The rush of thoughts was intense and all-consuming. It was like a deftly woven rope of ten thousand tiny strands. They wrapped around and through one another, overlapping and twisting, losing one thread into the embrace of another.
It was mindboggling and my head hurt from the pain of just deciphering what I was experiencing. Somehow I could ‘see’ the threads, the way I could ‘see’ Roman’s emotions in our channel. And somehow, it was trying to suck my very soul into the flow the way that my concious
ness had traded places with Roman’s when Ead’s McIsaac had us prisoner.
I felt a strong desire to immerse myself in the flow of their shared being, to explore the individual threads and soar in the vortex of their purpose, but I fought it. I understood intuitively the temptation Sammy had faced and how they had eventually absorbed him. Any loss of control now and I would be absorbed, too.
But how to prevent it? Zeta was fighting my body so hard that I risked being knocked unconscious or debilitated by her actions. If that happened I was certain to be lost and that meant time was limited. By some horrible premonition I knew that once it had me it would not let go. And as I thought that, I realized that I could finally hear individual voices. They were clear, but still hard for me to pick out from the cacophony.

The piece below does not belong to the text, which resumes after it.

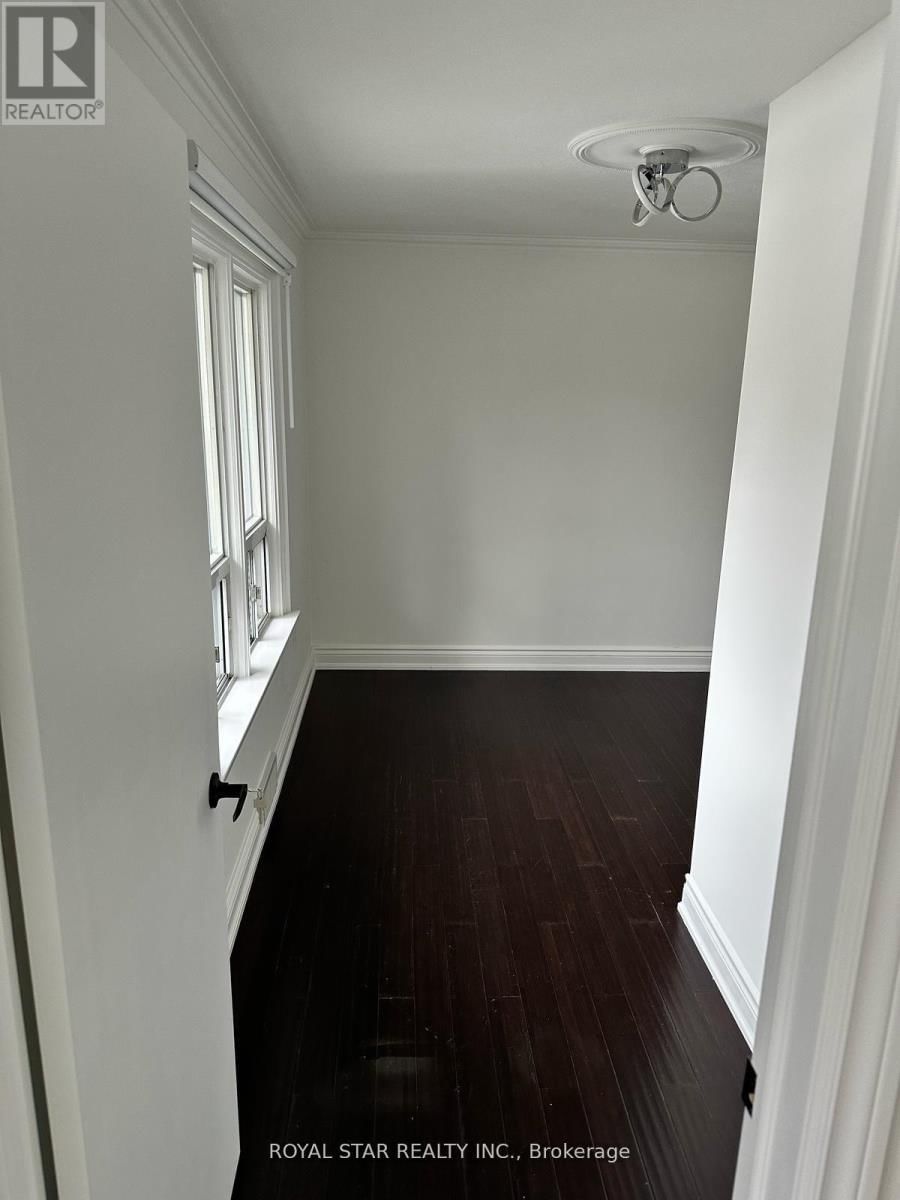 9 ROYCREST AVENUE Image 20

No one has ever resisted...
Not long...
Almost have her...
Worthy...
...just submit already.
...ours...
I heard them all at once, absorbing layered meanings more quickly than I could think them. They knew I was already theirs. This had happened so many times before that they knew now that it was only a matter of time until they had absorbed me. And then what? Would I turn on Roman and suck him up, too, like vacuuming a beetle on a carpet?
I shivered and felt a wave of nausea. They wanted me to leave all that I loved. And yet it was tempting to rest in that river of acceptance, because it was clear that they would accept me – that for the first time in a long time there was a whole group of people, if you could call them that, that actually wanted me around.
They wanted me to abandon my body. What use was a body when you could live a life generations long – maybe even forever long- surrounded by all your friends all the time? They wanted me to leave Roman – and that’s where their siren’s call failed because I could never leave the one who had never voluntarily left me and would gladly give his own life for mine. We’ll absorb you both, they said. Together forever.
It was tempting. And yet, it rang false. What is life? Is it an endless soul without purpose or responsibility? What ties us to life? Love, surely. But what is love except sacrifice? And the sacrifice I’d been born for was obvious – to lead a revolt to save the people I was responsible for. And through that redemption, to atone for all that had come before: the genocide on Baldric, the injustice done to Ian, the deaths of Roman’s parents, and the betrayal of the citizens of Blackwatch.